The strategists of big business have to calculate whether it may not even be better if the economic situation continues to improve in 1969-70 to have a new Labour government rather than a Conservative one. A Wilson-Jenkins “miracle” in the economic field, with secondary concessions to the working class, would, under these conditions, be better than a Tory government faced with a radicalised and united and embattled working class. Thus they are preparing to refurbish the image of Wilson as a national leader. If the economy should continue to ascend, they would prefer a Labour government to hold down the developing industrial militancy of the organised workers.

The Labour government, without a real economic slump as in 1929-31, is as yet not “exposed” to the organised masses in the labour movement—not even completely to the active sections. It depends on the events of the next 18 months to 2 years for the bourgeoisie, or rather its strategists, to decide on their tactics. What is clear is that they prefer to be “kind” to the leaders of the Labour government, through the mass media, thus showing that for the period of the life of the Labour government, they have accepted Wilson as the best Labour leader they have got.

It has always been necessary to understand the limitations of conferences, whose decisions are distorted by a measure of selected and slanted publicity given to its decisions. The broad masses and the active workers in the constituencies, the housewives and working people, have not got the time to follow in detail the processes and decisions of conference. Even the delegates at the conference are not completely clear as to the processes taking place.

Nevertheless, with all these limitations, the 3 million votes cast for the resolution from Liverpool of the Marxist left at the 1968 Conference, represents a modest success for the methods of Marxism, which has always tried uncompromisingly to put forward the issues in a clear fashion in the trade union branches, the CLPs, in the factories and among the youth.

One resolution, however, does not make a tendency, and while, undoubtedly, both within the trade union delegations and within the CLP delegations, there was a profound disquiet and uneasiness among the delegates, reflecting similar processes in the masses, there was not a sure and certain left current of thought. The basic impression left by the conference was that of confusion in the minds of the delegates as to where they were going. On the one hand, they know what they do not want—the policies of the present administration; and they vaguely desire socialist policies. But what to do is not yet clear to them.

Yet in many areas discontent is already beginning to be expressed. Many rank-and-filers in the CLPs and the trade union branches are looking for a way forward. Here and there even ultra-left ideas will be expressed as a gesture of despair. All these are portents of the coming developments in the movement. The so-called “lefts” are completely blind, and incapable of giving an impetus to the movement. On the contrary, their programme is the backward looking one of going “forward” to the ineffective programme of Wilson of 1964. Their criticism of the leadership is that they did not carry out this programme. Apart from the purely reformist character of the programme, it was sheer utopianism to expect that in the situation of British capitalism they could implement it. Wilson and the other leaders did not abandon the programme out of wickedness, but because the programme was utopian under present day conditions.

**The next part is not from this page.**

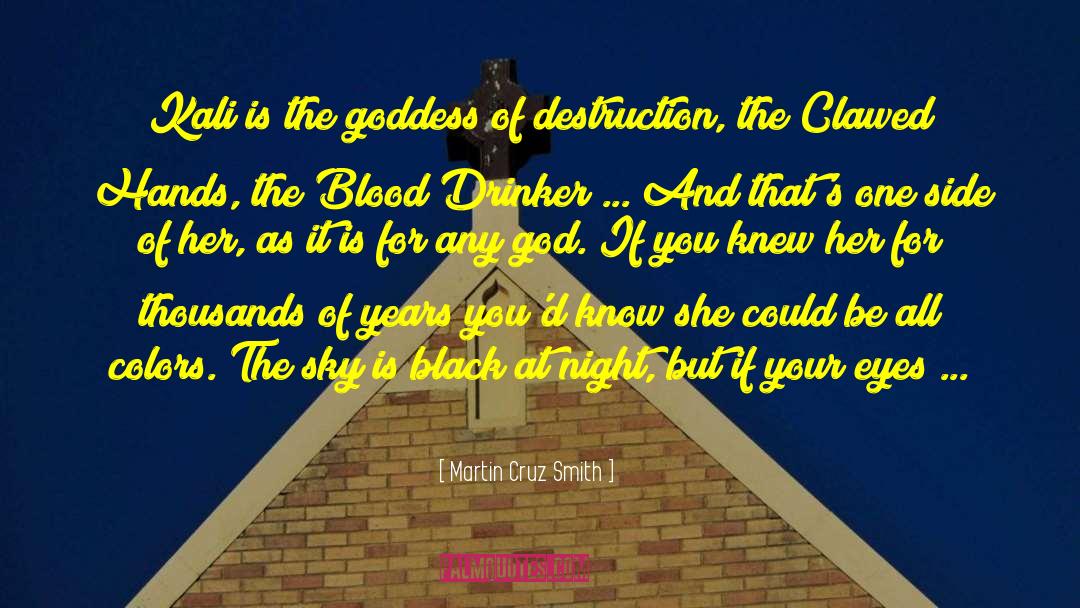 Kali quotes by Martin Cruz Smith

What was instructive, and a portent for the future, was the way in which a short but clear statement of a principled programme secured the massive support of the delegates, including even the trade union delegations—which showed the pressures seeping up through the ranks. This must have been somewhat of a shock to the purveyors of timid, muddled and watered-down resolutions among the so-called “lefts”.

Future storms

Nevertheless, this must be taken in the context of the general level of consciousness of the working class and even of the active sections of the organised movement itself.

Great events, it is necessary to repeat, and the experience of mass movements, are still necessary to educate the masses. There will have to be many great experiences—even for the gathering together of a left reformist or centrist current, in which the ideas of Marxism will gather mass support.

In the event of a new economic crisis—which is dependent on world developments—the attempt to impose new and harsh measures against the working class will provoke deep resentment and a tide of revolt—which will have broad echoes in the Parliamentary Labour Party, especially in the trade union wing. This in its turn would inevitably raise the question of a National government. We have had a dress rehearsal of a “mild” nature in the baying of the mass media against the government at the time of devaluation. Any serious national or international crisis will provoke a split in the Parliamentary Party, and the going over of the right wing openly to the Tories. It should be remembered that the last National government was formed more than a quarter of a century ago, and has not the same connotations in the minds of the new generation as of the old. But it should be stressed that a National government would only be a reserve weapon to be played reluctantly by the ruling class, when other means have failed. Temporarily, it could inflict a crushing electoral defeat on the Labour Party; but it would undoubtedly push the labour movement—and, in words, the top leaders of the trade unions and Labour Party—far to the left.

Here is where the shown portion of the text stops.